True fact: one of my favorite historical time periods is Tudor England, and the whole War of the Roses. On March 4, 1461, Henry VI was deposed and Edward IV became king. Lancastrian Henry was a bit crazy, which made it easier Yorkist Edward to take over, but even his hold on the throne was tenuous. He would eventually be killed in battle, with his brother Richard III taking control. Thanks to Shakespeare, we all know how that turned out.
Adjective; from Dictionary.com:
1. Lacking a sound basis; weak
2. Of slight importance or significance; unsubstantial
“It tore up the very tenuous peace between the four of us. But the only thing I felt at the time was this huge, overwhelming relief that it wasn’t me who got suspended.” (Once in a Lifetime, Jill Shalvis)
Another adjective, another word with Latin roots. I swear, I don’t deliberately set out to find these words.
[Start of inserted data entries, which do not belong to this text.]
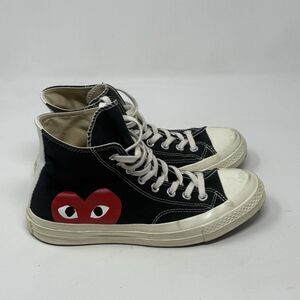 Converse Chuck Taylor Comme des Garcons Play Mens 7 Womens 9 Black High Top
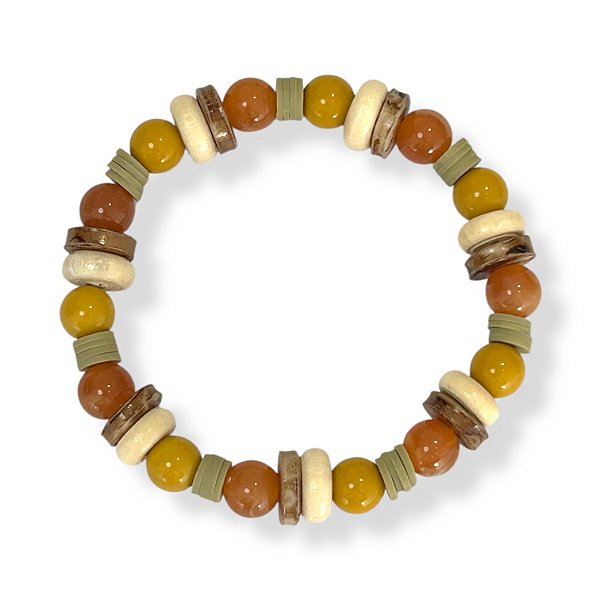 Pulseira de contas coloridas - 12796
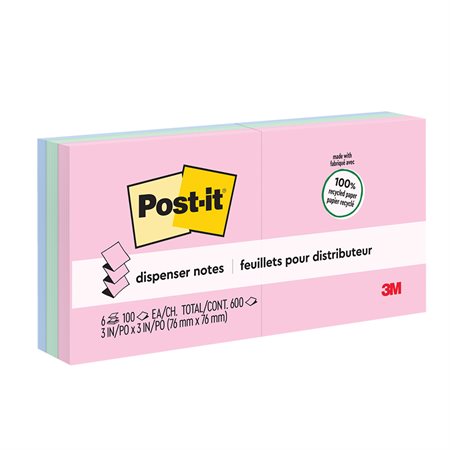 Feuillets plus écologiques Post-it® - collection doux soupçons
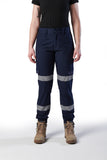 FXD WP◆8WT Reflective Cuffed Stretch Ripstop Work Pants - Ladies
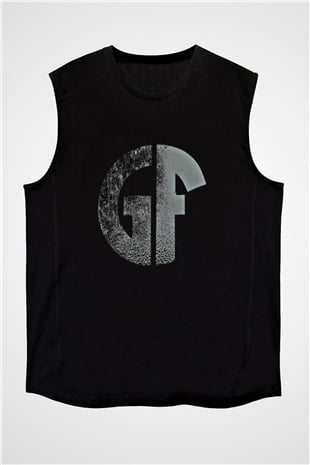 Gorefest Baskılı Unisex Siyah Kolsuz Tişört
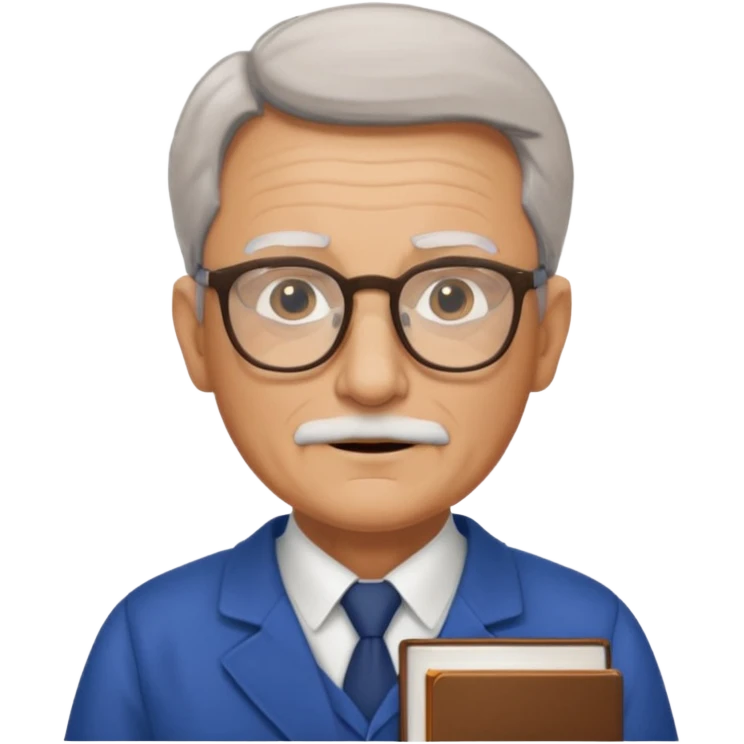 old male Librarian in foreign countries with glasses and librarian uniform emoji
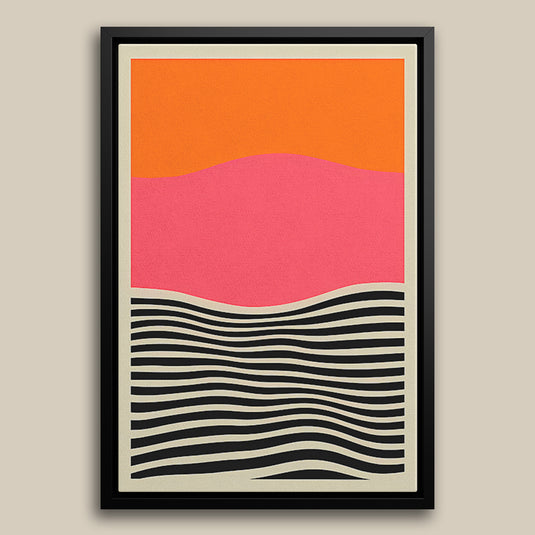 Striped Minimalism - Minimal Wall Art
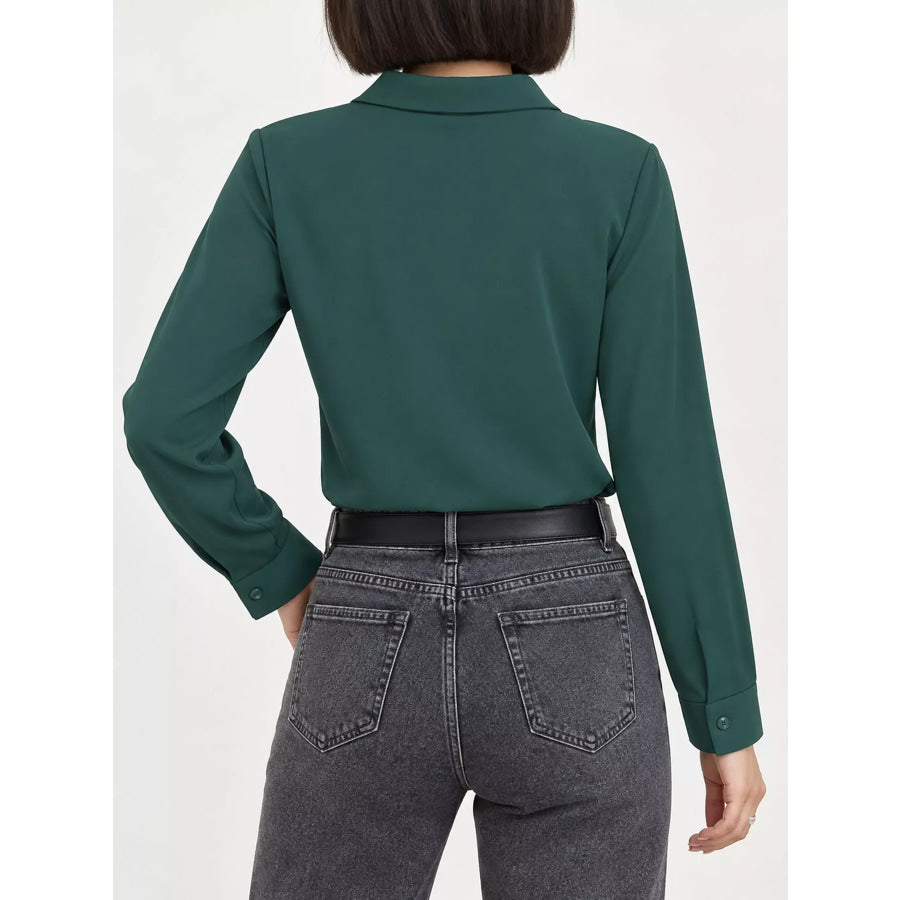 Button Up Long-Sleeve Shirt Apparel and Accessories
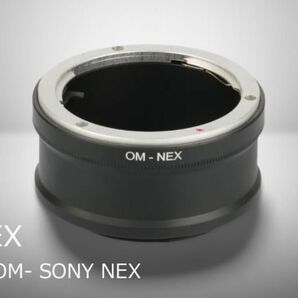 【新品】OM-NEX マウントアダプター ( Olympus OM-SONY NEX) オリンパスOM - ソニーE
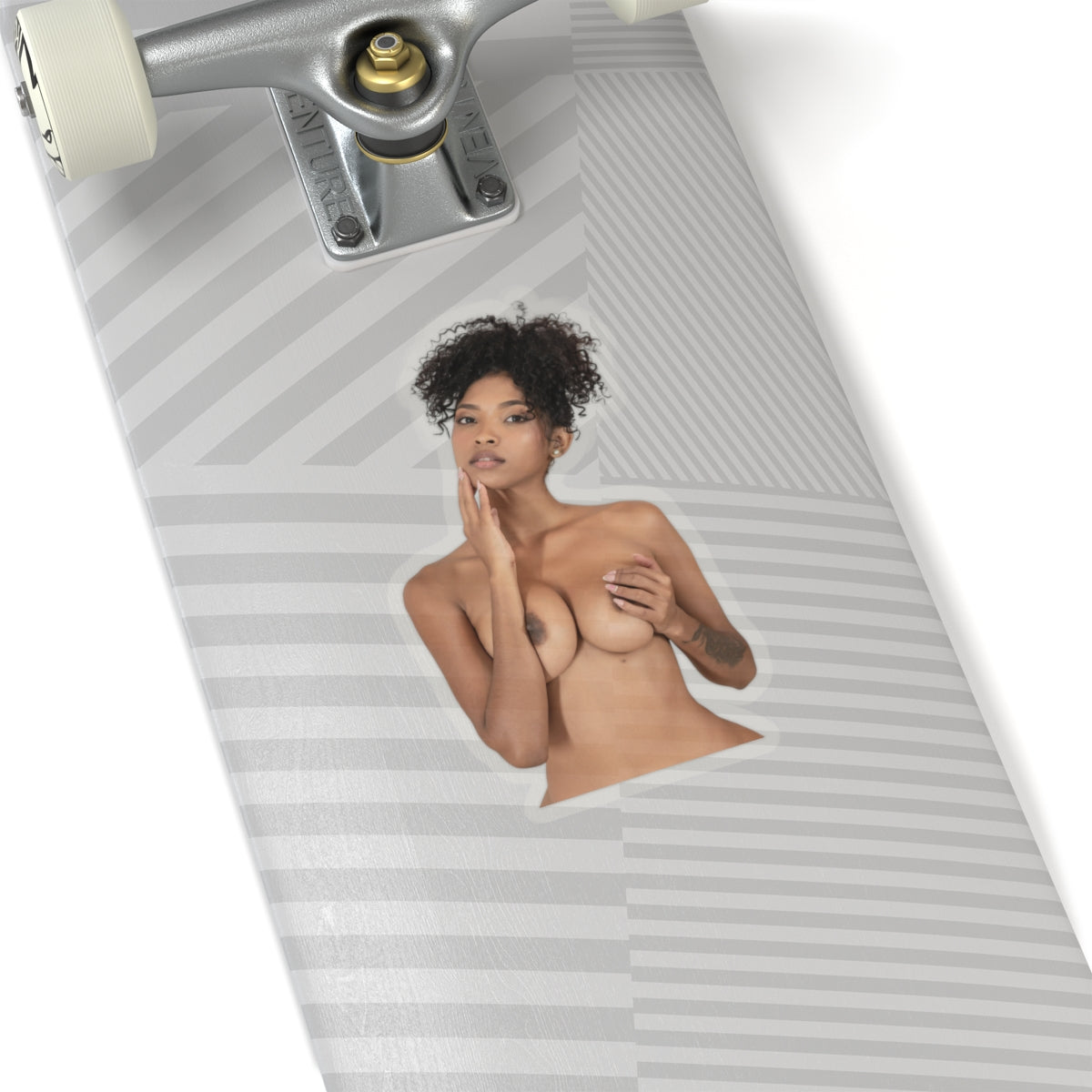 Black Women Naked Sticker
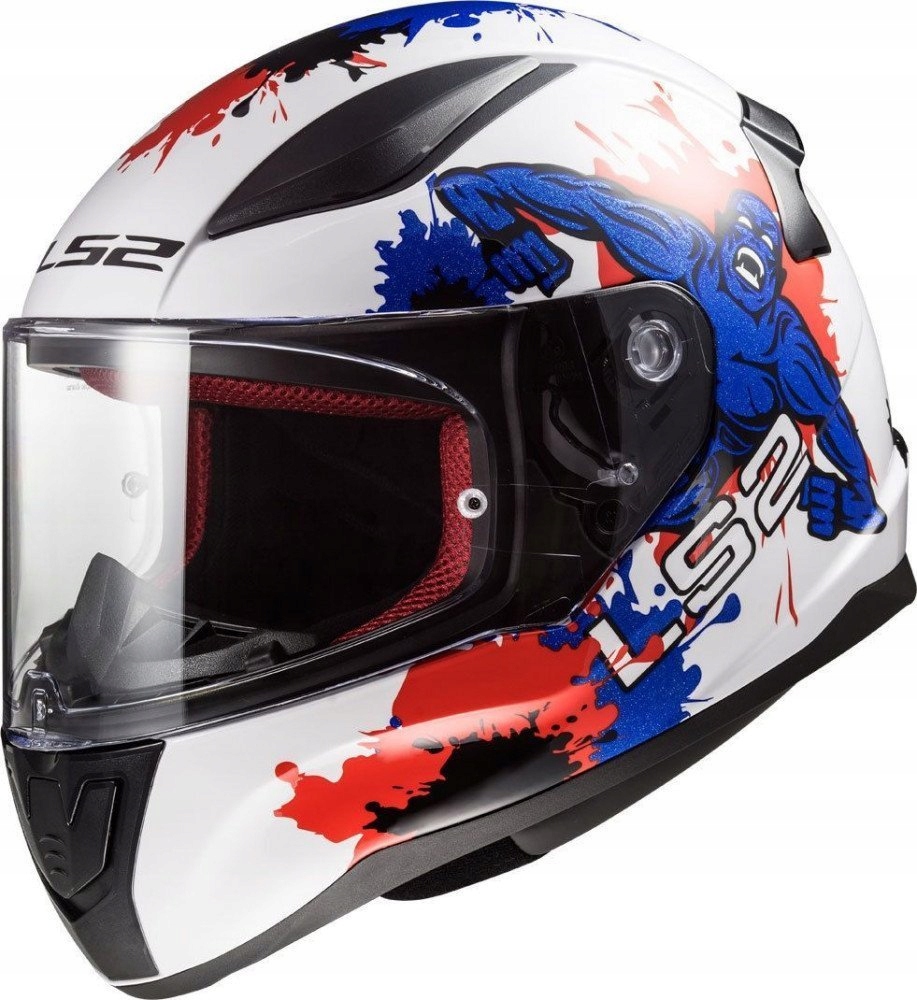 DETSKÁ motorkárska prilba LS2 FF353J MINI R. S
Anyway, tenuous comes the Latin word tenuis, which literally translates to “thin, meager or slim,” but also figuratively means “trifling” or “insignificant.” Interestingly, there’s also a Sanskrit word that also has a similar root meaning, though tenuous is definitely from the Latin, with its first modern usage dating to the early 1800′s, while tenuous‘ first recorded usage dates back even further, to the 1590′s.
Your turn, bookworms – is there a particular book with a tenuous hold on your affections? I have tried and tried, but I just can’t make myself like The Great Gatsby any more than I do, which is not much.